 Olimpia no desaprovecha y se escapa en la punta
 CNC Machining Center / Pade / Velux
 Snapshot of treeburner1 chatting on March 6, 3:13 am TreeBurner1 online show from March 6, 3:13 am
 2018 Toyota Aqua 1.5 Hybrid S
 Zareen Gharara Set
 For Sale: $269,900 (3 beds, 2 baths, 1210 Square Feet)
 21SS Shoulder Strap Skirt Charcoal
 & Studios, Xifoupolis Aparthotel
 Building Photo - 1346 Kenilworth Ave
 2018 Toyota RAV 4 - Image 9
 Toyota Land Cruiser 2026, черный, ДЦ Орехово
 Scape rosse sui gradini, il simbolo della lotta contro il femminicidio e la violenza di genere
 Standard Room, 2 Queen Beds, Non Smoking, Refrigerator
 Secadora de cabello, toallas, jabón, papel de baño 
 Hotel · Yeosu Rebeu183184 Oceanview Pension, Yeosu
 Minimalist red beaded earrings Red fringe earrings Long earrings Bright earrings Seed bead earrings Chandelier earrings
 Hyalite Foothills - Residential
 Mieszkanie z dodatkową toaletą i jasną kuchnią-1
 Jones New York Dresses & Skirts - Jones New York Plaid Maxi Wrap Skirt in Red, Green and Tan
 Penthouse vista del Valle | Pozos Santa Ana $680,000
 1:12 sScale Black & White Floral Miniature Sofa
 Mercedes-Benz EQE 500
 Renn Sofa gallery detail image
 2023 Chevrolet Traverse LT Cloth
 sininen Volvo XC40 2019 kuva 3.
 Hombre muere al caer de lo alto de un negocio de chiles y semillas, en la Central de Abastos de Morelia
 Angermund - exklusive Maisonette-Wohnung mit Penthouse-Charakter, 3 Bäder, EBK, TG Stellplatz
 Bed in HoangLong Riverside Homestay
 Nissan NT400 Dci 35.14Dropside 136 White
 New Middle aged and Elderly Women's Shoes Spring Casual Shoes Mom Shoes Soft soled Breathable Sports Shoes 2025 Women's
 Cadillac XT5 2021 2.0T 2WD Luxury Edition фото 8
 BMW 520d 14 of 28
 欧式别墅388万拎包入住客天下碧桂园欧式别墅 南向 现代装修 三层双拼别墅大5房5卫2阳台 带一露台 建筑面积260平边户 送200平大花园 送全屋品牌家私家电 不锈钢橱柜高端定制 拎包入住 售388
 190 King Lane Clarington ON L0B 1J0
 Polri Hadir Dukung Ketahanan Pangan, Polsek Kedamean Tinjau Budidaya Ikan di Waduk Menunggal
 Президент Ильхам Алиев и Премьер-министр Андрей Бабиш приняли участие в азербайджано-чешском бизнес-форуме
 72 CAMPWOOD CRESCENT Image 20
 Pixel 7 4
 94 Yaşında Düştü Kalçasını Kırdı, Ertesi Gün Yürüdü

■ ■ ■ ■

Each line from the one that contains "190 King Lane Clarington ON L0B 1J0" to the end of the data should be set down exactly, both ends included.

Answer to the exercise:
 190 King Lane Clarington ON L0B 1J0
 Polri Hadir Dukung Ketahanan Pangan, Polsek Kedamean Tinjau Budidaya Ikan di Waduk Menunggal
 Президент Ильхам Алиев и Премьер-министр Андрей Бабиш приняли участие в азербайджано-чешском бизнес-форуме
 72 CAMPWOOD CRESCENT Image 20
 Pixel 7 4
 94 Yaşında Düştü Kalçasını Kırdı, Ertesi Gün Yürüdü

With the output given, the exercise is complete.